Show People: Dirty old man does it again: 81. Aristophanes

TO ARISTOTLE, he was vulgar. To Plato, he was dangerous. To less snooty citizens of the world's first democracy, he was Spitting Image, Viz and Ray Cooney rolled into one. He didn't invent comedy, but he is the earliest comic playwright whose work survives. They say humour doesn't travel, and satire is not supposed to last, but this week Aristophanes of Athens, aged about 2,450, is back in the West End of London.

His play Lysistrata, directed by Sir Peter Hall and starring Geraldine James, comes to the Old Vic via the Liverpool Playhouse, where a dozen punters a night are reported to have walked out, unable to cope with the bawdiness of the text and the balloon-like appendages worn by the women in the cast.

Lysistrata was first staged in 411 BC, during Athens's endless war with Sparta.
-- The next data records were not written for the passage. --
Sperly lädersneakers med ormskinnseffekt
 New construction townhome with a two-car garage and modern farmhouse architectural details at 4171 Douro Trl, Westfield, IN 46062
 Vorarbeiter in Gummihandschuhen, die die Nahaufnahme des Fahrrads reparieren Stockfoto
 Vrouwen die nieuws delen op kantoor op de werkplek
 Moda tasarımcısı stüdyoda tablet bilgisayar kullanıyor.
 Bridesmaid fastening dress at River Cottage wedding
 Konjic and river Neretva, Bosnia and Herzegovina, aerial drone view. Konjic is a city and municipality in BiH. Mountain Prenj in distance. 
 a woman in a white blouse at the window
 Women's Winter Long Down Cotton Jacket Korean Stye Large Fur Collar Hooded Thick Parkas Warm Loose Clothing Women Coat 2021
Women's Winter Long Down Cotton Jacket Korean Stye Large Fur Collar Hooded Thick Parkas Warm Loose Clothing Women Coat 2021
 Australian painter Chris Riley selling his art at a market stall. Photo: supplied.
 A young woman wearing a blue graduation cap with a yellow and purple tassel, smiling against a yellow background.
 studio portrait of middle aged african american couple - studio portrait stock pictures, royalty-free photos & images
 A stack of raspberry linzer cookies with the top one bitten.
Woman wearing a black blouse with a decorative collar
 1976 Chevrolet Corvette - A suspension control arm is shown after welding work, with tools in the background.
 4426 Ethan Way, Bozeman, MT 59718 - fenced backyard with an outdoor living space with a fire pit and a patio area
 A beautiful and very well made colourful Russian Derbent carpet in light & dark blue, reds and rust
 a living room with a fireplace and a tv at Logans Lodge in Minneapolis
Genocide had been perpetrated by both sides and there was no end in sight. So Lysistrata, an Athenian housewife, hatches an unorthodox peace plan: she persuades the women of both sides to go on a sex strike. 'Civil war and the sex war are perennials,' says Ranjit Bolt, Hall's translator. 'That is why this show still works. You could even argue that it's the first feminist play. It's a jolly comedy with men's sexuality being ridiculed.'

As all the roles would have been played by men, and Athenian women had no rights and could not even own property, any feminist interpretation does seem to be pushing it. His plays are set in the realm of fantasy and the protagonists are caricatures. The actors wore huge leather phalluses and padded their crotches - a comic convention exploited to the full in Lysistrata.

'The costumes were grotesque,' says Dr Oliver Taplin, Fellow of Magdalen, Oxford, who has been known to strap on a pair of balloons and appear in Aristophanes himself. 'It's like Spitting Image - everything is exaggerated. Now, people say the grotesque and fantastical is just what they want.'

Is Aristophanes funny? Generations of schoolchildren, forced to translate The Frogs at a snail's pace, might say no. Hall says a firm yes. 'He's high on my list. I know nobody who is quite so funny at the very moment when he is being serious.' He has been a fan of Lysistrata 'since university'. Two things stopped him staging it sooner: the lack of 'a decent translation' (Bolt's came from the blue, after the two men worked on Moliere's Tartuffe), and the question of taste. Hall remembers Joan Greenwood's version, in the Sixties, as twee. 'The play was impossible to do properly until the Seventies,' he says. 'It's too lewd. It has to do with the effect of Christianity and the piss-elegant respectability.'

If the backlash ended late, it also started early. Aristophanes fell out of fashion soon after his death: Aristotle, a generation younger and a noted critic as well as philosopher, pronounced him vulgar. The comic playwrights who followed tended to produce domestic, apolitical farces, the equivalent of today's anodyne TV sitcoms.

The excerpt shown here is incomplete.